100 Percent Renewable Energy Sources – All a Question of Price?
An energy system based 100 percent on renewable energy sources has now become the scientific mainstream. Professor Christian Breyer of LUT University in Finland recognises a rapidly growing number of researchers who believe this much cheaper scenario will be feasible by 2050. According to Brian V. Mathiesen from Aalborg University, new investments in fossil fuels must now be stopped so that we can focus on creating smart energy systems.

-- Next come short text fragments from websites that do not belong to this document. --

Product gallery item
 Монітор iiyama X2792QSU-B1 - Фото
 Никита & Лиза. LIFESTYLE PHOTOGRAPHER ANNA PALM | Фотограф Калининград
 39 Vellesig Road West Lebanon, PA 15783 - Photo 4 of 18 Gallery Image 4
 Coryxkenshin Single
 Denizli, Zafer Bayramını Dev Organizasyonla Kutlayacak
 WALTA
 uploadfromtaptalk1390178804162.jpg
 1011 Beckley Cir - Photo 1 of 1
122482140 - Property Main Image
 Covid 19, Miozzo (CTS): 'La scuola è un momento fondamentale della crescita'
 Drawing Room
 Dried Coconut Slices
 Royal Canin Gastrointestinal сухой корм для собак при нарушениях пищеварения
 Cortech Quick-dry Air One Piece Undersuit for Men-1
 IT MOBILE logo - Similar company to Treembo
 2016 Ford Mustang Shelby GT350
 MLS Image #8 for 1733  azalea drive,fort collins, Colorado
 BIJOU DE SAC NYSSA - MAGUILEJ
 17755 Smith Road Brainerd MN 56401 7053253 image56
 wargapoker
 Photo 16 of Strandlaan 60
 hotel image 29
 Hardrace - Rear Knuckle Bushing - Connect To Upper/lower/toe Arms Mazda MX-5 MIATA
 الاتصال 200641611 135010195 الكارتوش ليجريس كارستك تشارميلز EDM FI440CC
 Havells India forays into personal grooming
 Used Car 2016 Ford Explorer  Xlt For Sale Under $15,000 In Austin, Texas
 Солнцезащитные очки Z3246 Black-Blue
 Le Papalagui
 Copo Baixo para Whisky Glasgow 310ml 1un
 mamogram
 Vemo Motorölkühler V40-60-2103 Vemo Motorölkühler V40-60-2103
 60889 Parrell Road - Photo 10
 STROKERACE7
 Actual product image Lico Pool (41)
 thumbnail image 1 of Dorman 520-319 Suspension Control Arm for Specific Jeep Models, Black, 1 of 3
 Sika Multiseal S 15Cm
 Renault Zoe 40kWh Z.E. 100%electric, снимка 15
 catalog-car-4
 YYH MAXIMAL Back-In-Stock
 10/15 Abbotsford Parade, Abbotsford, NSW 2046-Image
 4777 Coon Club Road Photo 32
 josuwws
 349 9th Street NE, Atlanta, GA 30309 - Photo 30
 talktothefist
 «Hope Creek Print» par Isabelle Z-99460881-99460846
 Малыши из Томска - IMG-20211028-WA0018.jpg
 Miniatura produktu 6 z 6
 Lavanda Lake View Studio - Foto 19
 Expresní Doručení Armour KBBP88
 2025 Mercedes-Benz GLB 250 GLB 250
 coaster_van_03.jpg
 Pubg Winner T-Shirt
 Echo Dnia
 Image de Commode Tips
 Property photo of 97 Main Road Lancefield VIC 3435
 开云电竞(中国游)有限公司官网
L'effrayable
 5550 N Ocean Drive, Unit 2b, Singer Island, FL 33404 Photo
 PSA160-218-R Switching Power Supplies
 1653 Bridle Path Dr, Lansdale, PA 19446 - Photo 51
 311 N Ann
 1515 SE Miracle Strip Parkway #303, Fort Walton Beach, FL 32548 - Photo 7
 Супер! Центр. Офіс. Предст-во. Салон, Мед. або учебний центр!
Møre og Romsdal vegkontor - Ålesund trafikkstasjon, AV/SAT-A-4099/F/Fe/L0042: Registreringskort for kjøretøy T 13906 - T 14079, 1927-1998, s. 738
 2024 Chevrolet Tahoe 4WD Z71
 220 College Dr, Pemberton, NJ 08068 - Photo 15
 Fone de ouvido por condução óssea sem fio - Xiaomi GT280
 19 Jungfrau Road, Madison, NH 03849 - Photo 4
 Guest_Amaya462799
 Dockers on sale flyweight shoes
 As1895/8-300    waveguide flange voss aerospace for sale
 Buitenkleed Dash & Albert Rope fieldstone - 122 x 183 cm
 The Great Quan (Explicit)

The capital and financial markets also play a key role here. This is because the capital costs for building the low carbon infrastructure are already several percentage points lower than for a coal-fired power plant, for example. This justifiably raises hopes that the energy transition will succeed by 2050.
THE GLOBALANCE VIEW
The climate crisis is becoming increasingly relevant to the financial market: from a risk perspective, it is important to avoid sectors or companies that contribute significantly to the climate problem or are dependent on fossil fuels. These sectors are increasingly coming under political, social and economic pressure. We will not achieve the necessary transformation with just marginal adjustments. Regulatory changes that are obviously necessary must come from politics, while companies must also commit to universal, binding measures. What we need are subsidies for clean technologies instead of lobbying and misguided support. Globalance focuses on promising companies that develop innovative products or services in the areas of energy efficiency, renewable energy infrastructure, smart energy distribution and storage, among others.